Set down every record below exactly as it stands, with the pictures omitted.

--

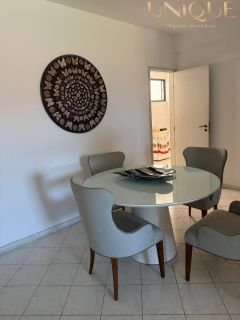 Apartamento no Residencial Corais- Atalaia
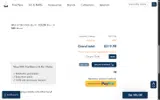 PRIME coupon verification screenshot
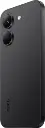 XİAOMİ POCO X8 PRO 12/512 GB BLACK 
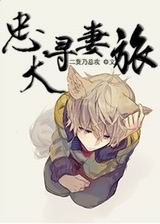 ��ȮѰ���÷���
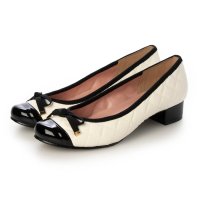 IKplus/アイケープラス IKplus パンプス/507164468
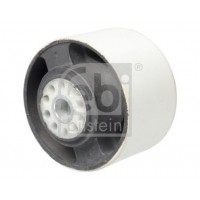45060 FEBI BILSTEIN Підвіска двигун
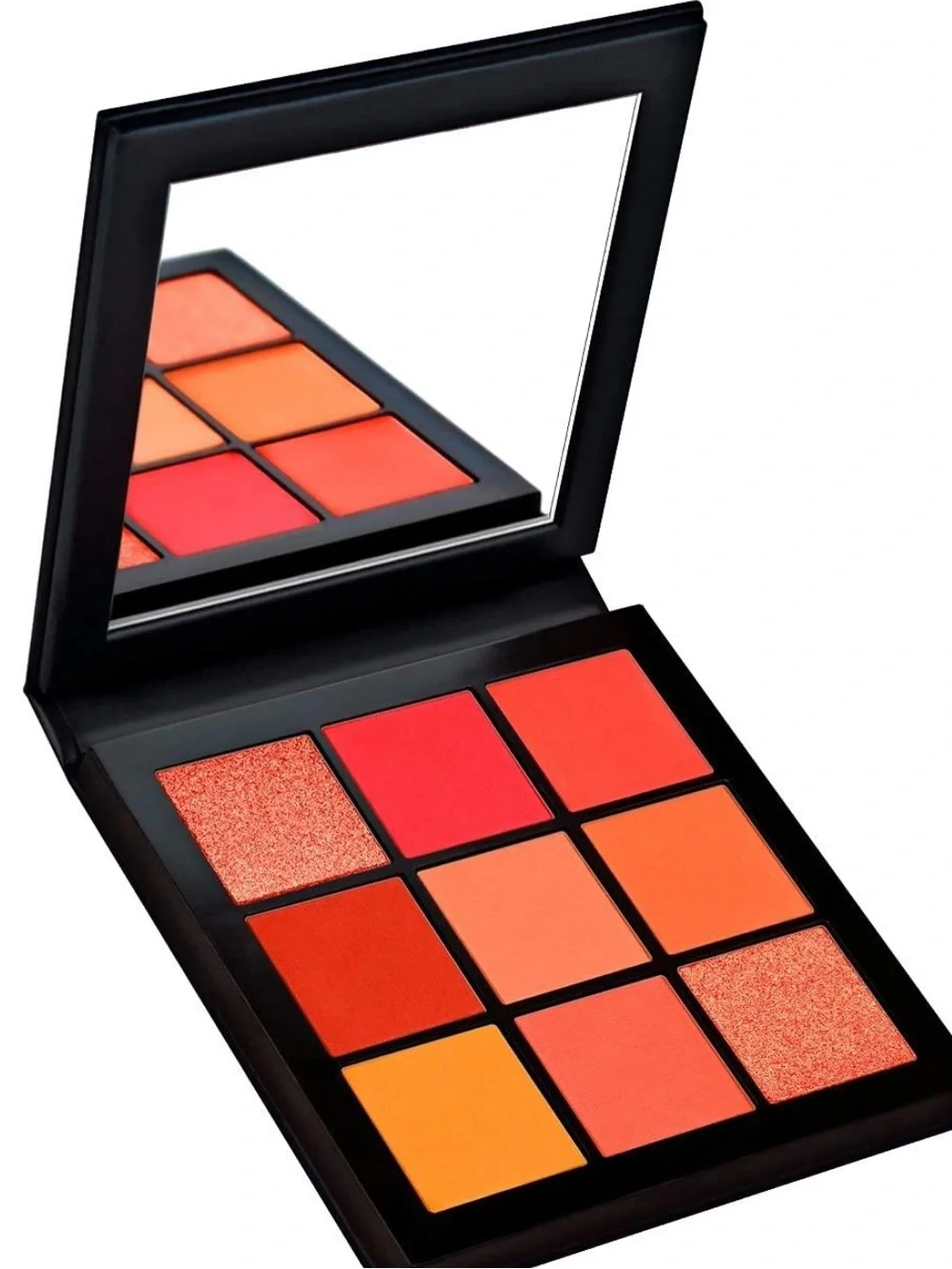 HUDA BEAUTY huda beauty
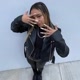Annyaevelyn
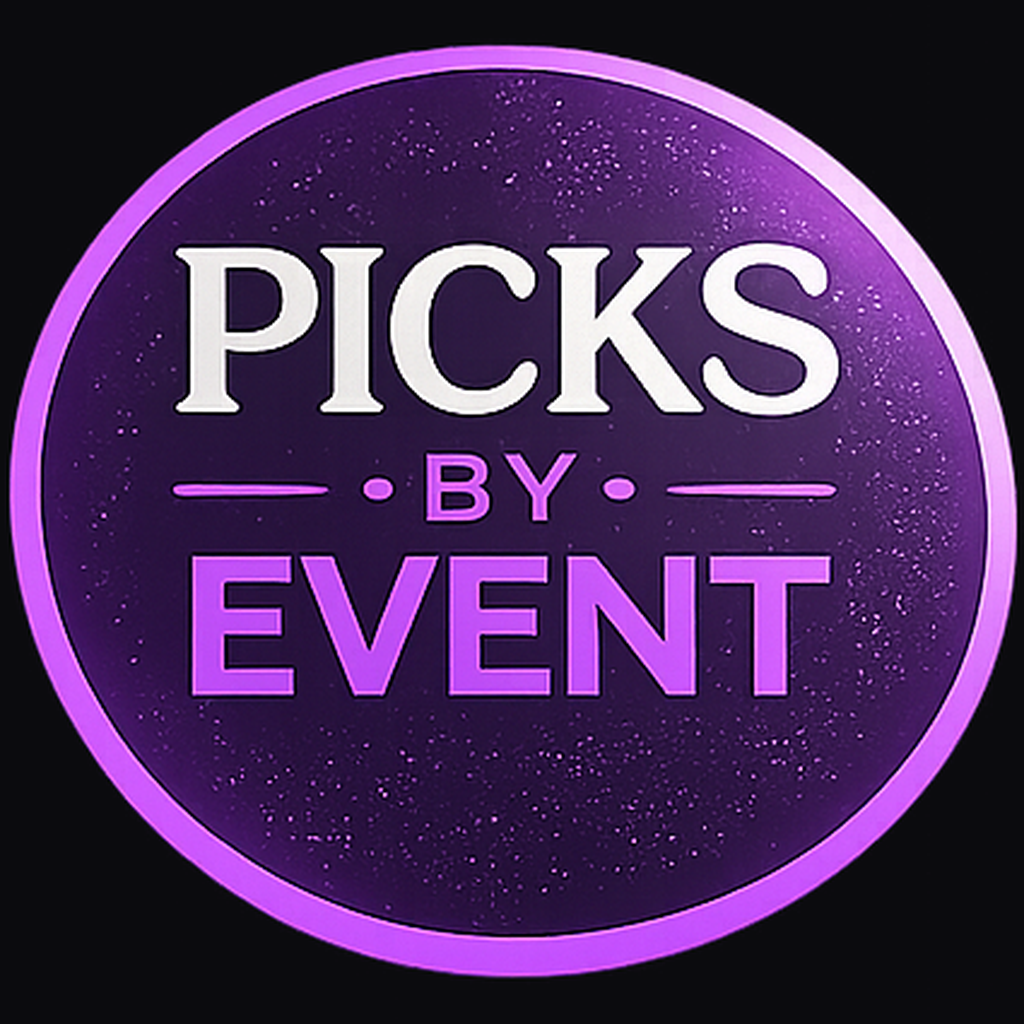 PicksByEvent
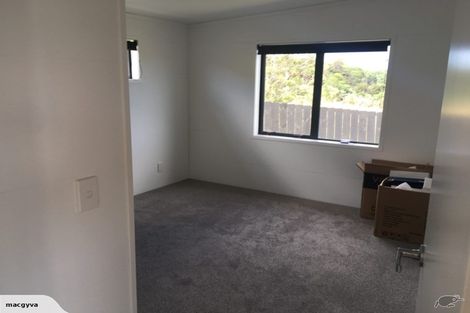 Photo of property in 28c Northcoast Place, Mangawhai Heads, Mangawhai, 0505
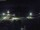 Webcam in Csopak, 12.8 km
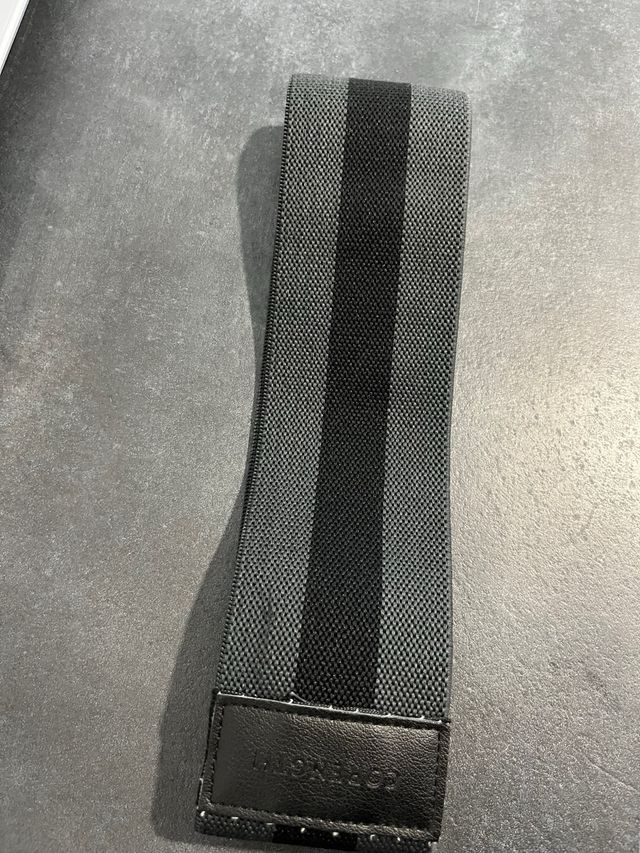 Banda Resistencia CORENGTH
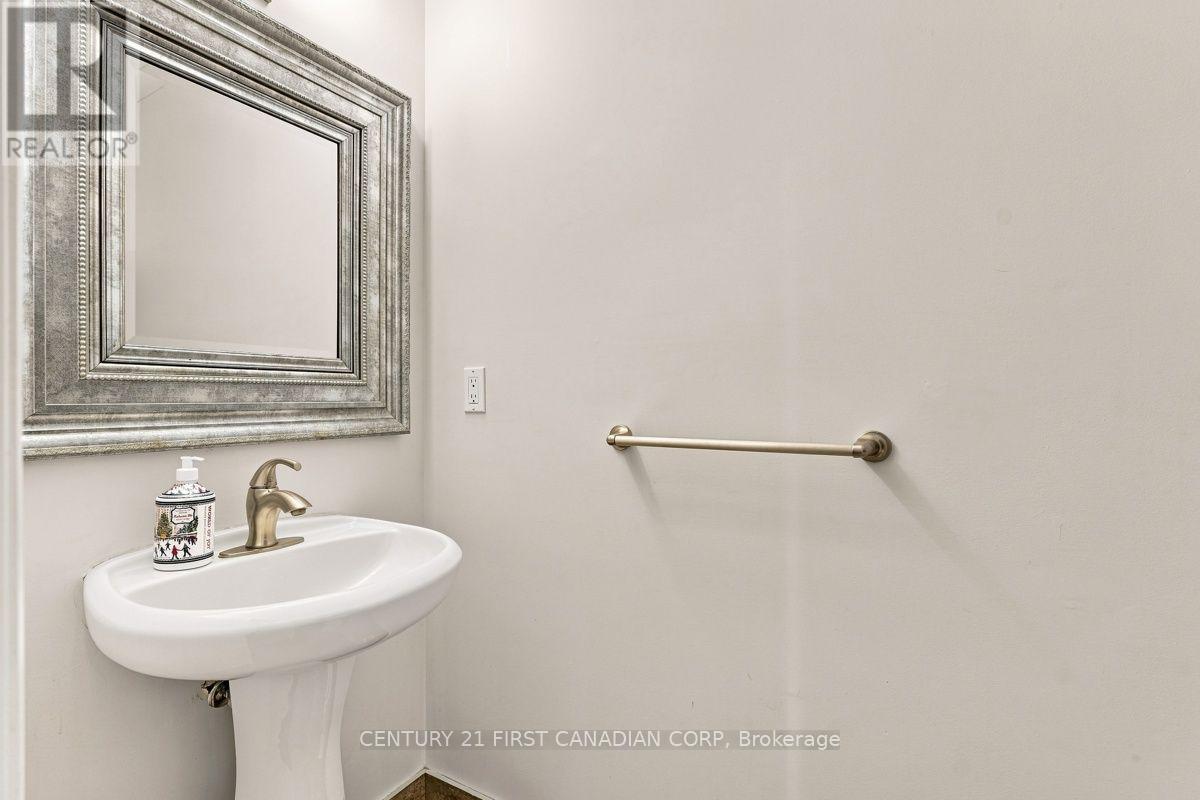 1687 Coronation Drive, London North, Ontario  N6G 5N7 - Photo 19 - X13709880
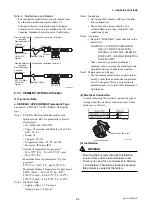 Preview for 14 page of YOKOGAWA Dpharp EJX910A User Manual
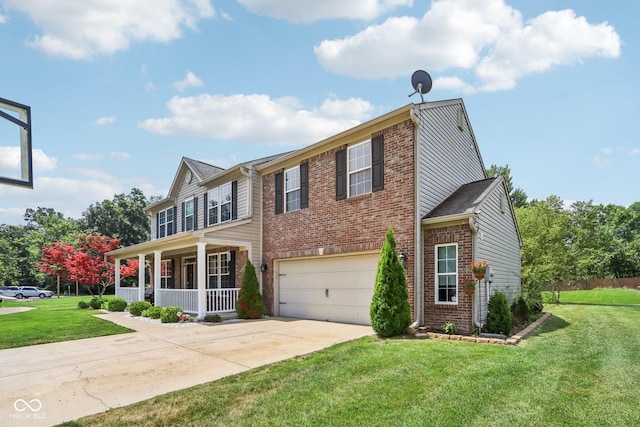 1450 Turfway Ct, Avon, IN 46123 - photo 3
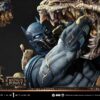 Prime 1 Studio DC Comics Batman & Clayface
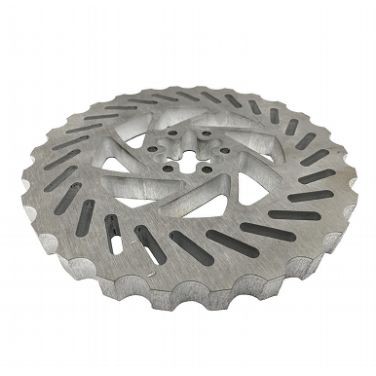 product-376-376 image01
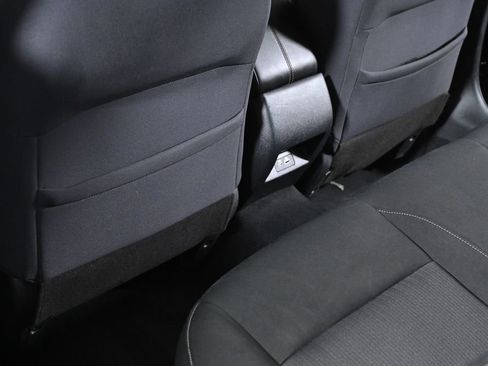 Used 2020 Nissan Altima 2.5 S image 28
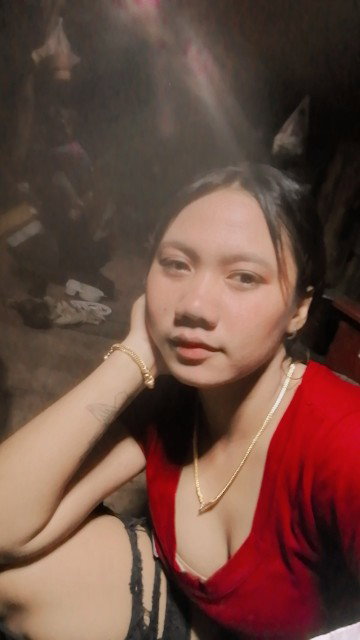 Rotjana Philawan profile icon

--

• Solution to the exercise:
 Apartamento no Residencial Corais- Atalaia
 PRIME coupon verification screenshot
 XİAOMİ POCO X8 PRO 12/512 GB BLACK 
 ��ȮѰ���÷���
 IKplus/アイケープラス IKplus パンプス/507164468
45060 FEBI BILSTEIN Підвіска двигун
 HUDA BEAUTY huda beauty
Annyaevelyn
 PicksByEvent
 Photo of property in 28c Northcoast Place, Mangawhai Heads, Mangawhai, 0505
 Webcam in Csopak, 12.8 km
 Banda Resistencia CORENGTH
 1687 Coronation Drive, London North, Ontario  N6G 5N7 - Photo 19 - X13709880
 Preview for 14 page of YOKOGAWA Dpharp EJX910A User Manual
 1450 Turfway Ct, Avon, IN 46123 - photo 3
 Prime 1 Studio DC Comics Batman & Clayface
 product-376-376 image01
 Used 2020 Nissan Altima 2.5 S image 28
 Rotjana Philawan profile icon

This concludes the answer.